You can run generative models using torch.compile (model, backend="zentorch"), but for optimal performance we recommend using vLLM. See vLLM-zentorch Plugin for more details.

zentorch provides support for Weight-Only Quantization (WOQ) models with both per-channel and per-group quantization granularity, enabling efficient 4-bit quantized inference, along with Dynamic quantization with INT8 activations with per-token granularity and INT8 quantized weights for large language models on AMD EPYC™ CPUs with significant memory savings and minimal impact on model accuracy.

Quantizing Models

Use the following steps to quantize Hugging Face models with different TorchAO configurations.
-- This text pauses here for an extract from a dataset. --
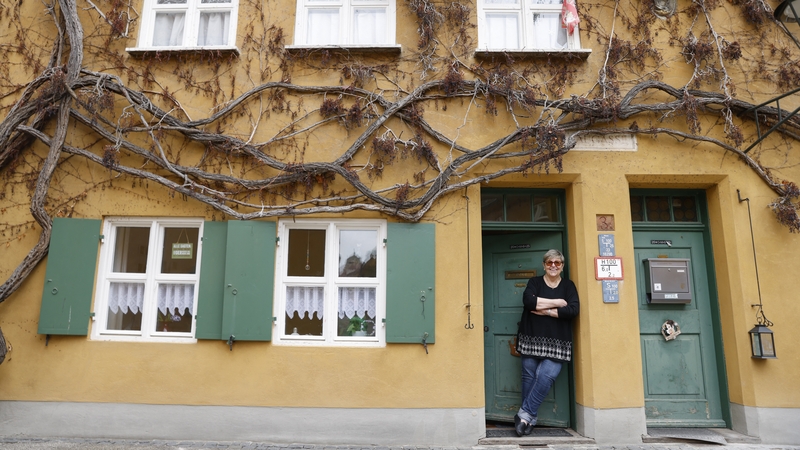 Martha Jesse is seen at the front door of her home in the Fuggerei in Augsburg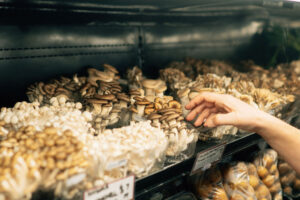Variety of mushrooms in fridge case ready for sale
While the first step is different for different configurations, steps 2 through 5 are common for all configurations.

Step 1

Weight-only Quantization using IntxWeightOnlyConfig with Per-channel granularity.

import torch
from transformers import TorchAoConfig, AutoModelForCausalLM, AutoTokenizer
from torchao.quantization.quant_api import IntxWeightOnlyConfig
from torchao.quantization.quant_primitives import MappingType

# Step 1: Create quantization config with IntxWeightOnlyConfig per-channel granularity
quantization_config = TorchAoConfig(
    IntxWeightOnlyConfig(
        weight_dtype=torch.int4,
        mapping_type=MappingType.SYMMETRIC,
        scale_dtype=torch.bfloat16,
    )
)

Weight-only Quantization using Int4WeightOnlyOpaqueTensorConfig

import torch
from transformers import AutoModelForCausalLM, AutoTokenizer, TorchAoConfig
from torchao.prototype.int4_opaque_tensor import Int4WeightOnlyOpaqueTensorConfig

quantization_config = TorchAoConfig(
    Int4WeightOnlyOpaqueTensorConfig(group_size=128)
)

Dynamic quantization with Int8DynamicActivationInt8WeightConfig

import torch
from transformers import AutoModelForCausalLM, AutoTokenizer, TorchAoConfig
from torchao.quantization import Int8DynamicActivationInt8WeightConfig
from torchao.quantization.quant_primitives import MappingType

quantization_config = TorchAoConfig(
    Int8DynamicActivationInt8WeightConfig(
        version=2,
        act_mapping_type=MappingType.SYMMETRIC,
    )
)

Steps 2 through 5 - Common for all the afore mentioned configurations

model_name = "meta-llama/Llama-3.2-1B-Instruct"
output_dir = "./quantized_model"

# Step 2: Load and quantize the model
quantized_model = AutoModelForCausalLM.from_pretrained(
    model_name,
    torch_dtype=torch.bfloat16,
    device_map="cpu",
    quantization_config=quantization_config,
    trust_remote_code=True,
)

# Step 3: Save the quantized model
quantized_model.save_pretrained(
    output_dir,
    safe_serialization=False,
)

# Step 4: Save the tokenizer
tokenizer = AutoTokenizer.from_pretrained(
    model_name,
    trust_remote_code=True,
)
tokenizer.save_pretrained(output_dir)

# Step 5: Test the quantized model
input_text = "what are we having for dinner?"

Sample Output

You mentioned we were planning to go to a restaurant
Note:
  • Ensure you have the required dependencies installed: pip install transformers==4.57.6 torchao==0.16.0
  • The MappingType.SYMMETRIC option enables symmetric quantization which is recommended for optimal performance with zentorch.
  • The scale_dtype=torch.bfloat16 option ensures compatibility with AMD EPYC™ CPU optimizations.
  • Use safe_serialization=False when saving for compatibility with zentorch.
  • WOQ quantized models are only supported with freezing enabled
    export TORCHINDUCTOR_FREEZING=1
    export VLLM_USE_AOT_COMPILE=0
    export TORCHINDUCTOR_AUTOGRAD_CACHE=0
  • Sample output of the quantized model example described earlier is expected to be different for each run.

Running Quantized Models

Quantized models are supported in vLLM via the zentorch backend. This release introduces functional support for Weight-Only Quantization (WOQ). See vLLM-zentorch Plugin for detailed instructions on running models with vLLM.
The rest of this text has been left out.